Set down the whole listing below exactly. The pictures stay out.

══════════════════════════════

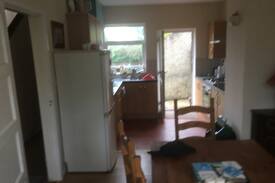 Portrush House | Abercorn Avenue Portrush (Families) *Pet friendly*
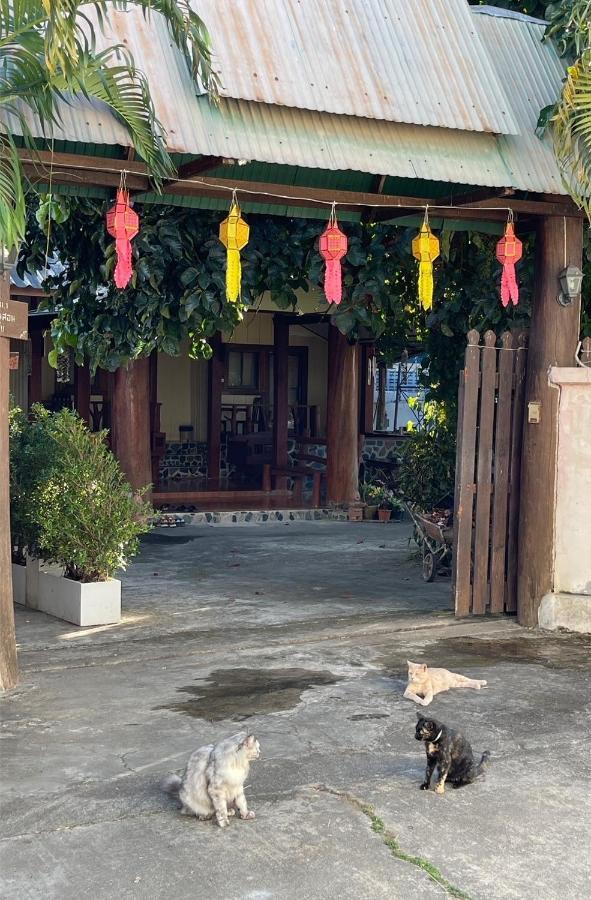 Lungsonhouse Pai Villa Exterior photo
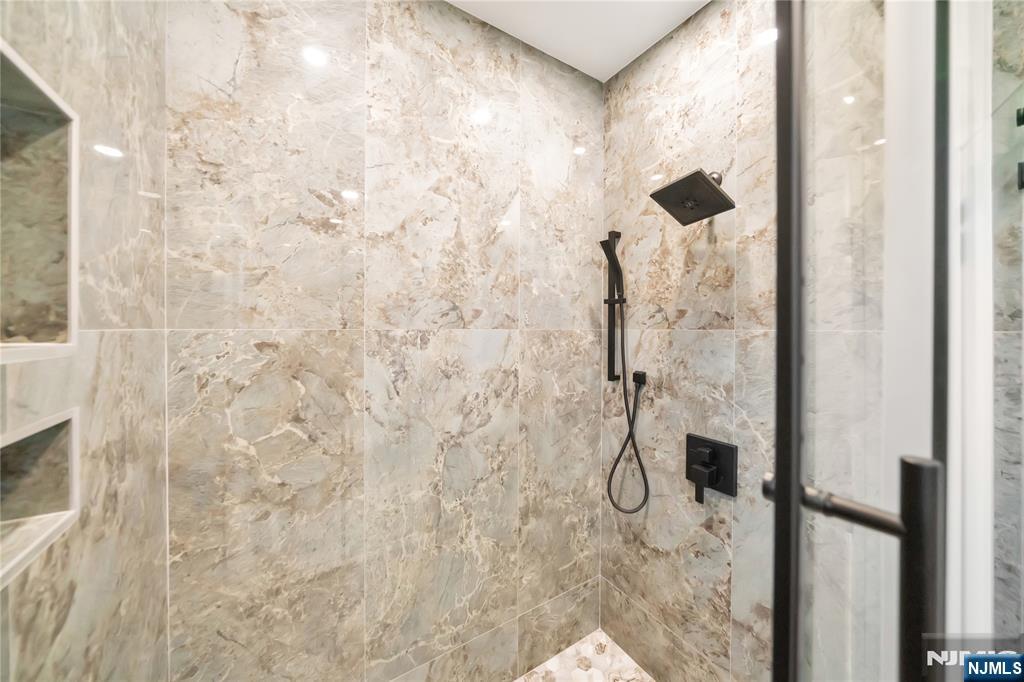 283 Bluff Road Fort Lee, NJ 07024 - Photo 32 of 49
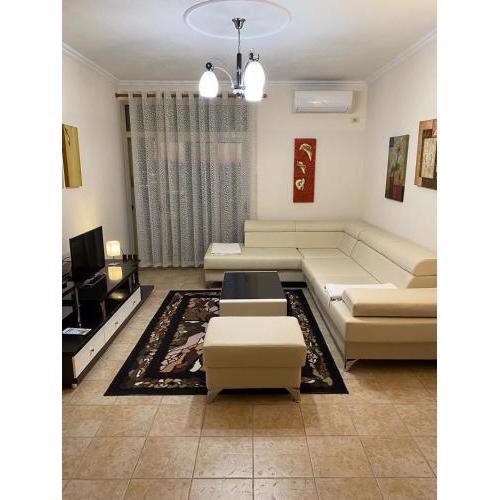Top Central Apartment Tirana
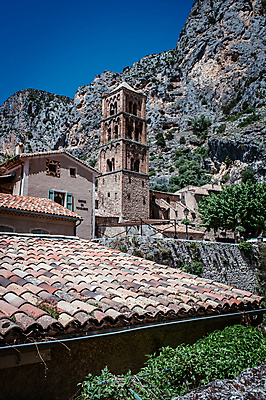 포토 JPG 주간 해외풍경 유럽풍경 유럽건축 지붕 산 사람없음 야외 건물 마을 탑 절벽 세계문화유산 프랑스 중세 남프랑스 국내포토 자연요소 해외 건축물 유럽 서양건축 풍경 문화재 역사 파일형식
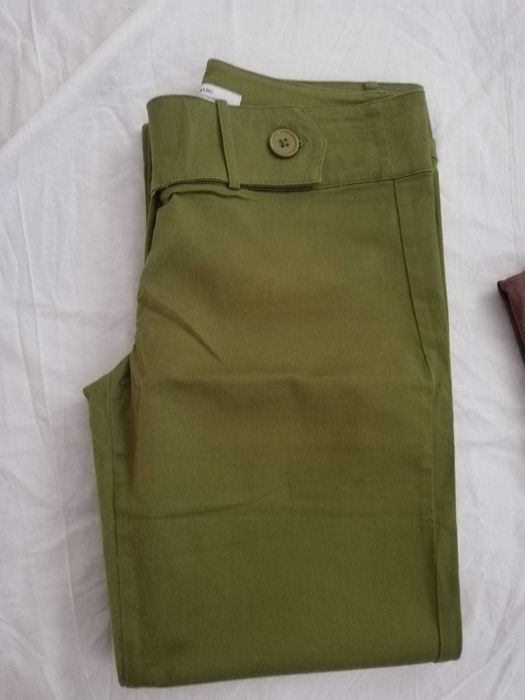 Calça zara verde, como nova, veste 38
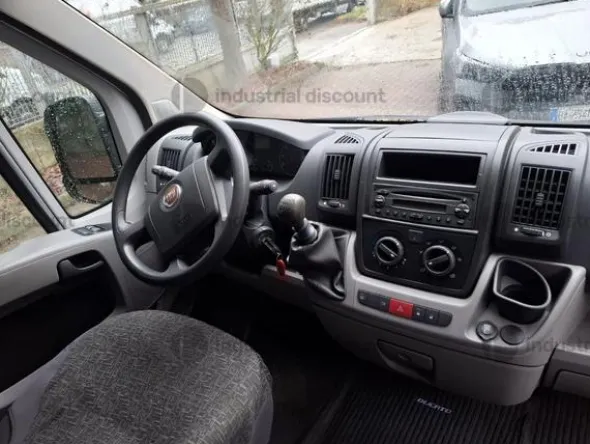 19#10047 Autocarro Fiat Ducato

══════════════════════════════

→ **RESPONSE FOR THIS EXERCISE**:
 Portrush House | Abercorn Avenue Portrush (Families) *Pet friendly*
 Lungsonhouse Pai Villa Exterior photo
 283 Bluff Road Fort Lee, NJ 07024 - Photo 32 of 49
Top Central Apartment Tirana
 포토 JPG 주간 해외풍경 유럽풍경 유럽건축 지붕 산 사람없음 야외 건물 마을 탑 절벽 세계문화유산 프랑스 중세 남프랑스 국내포토 자연요소 해외 건축물 유럽 서양건축 풍경 문화재 역사 파일형식
 Calça zara verde, como nova, veste 38
 19#10047 Autocarro Fiat Ducato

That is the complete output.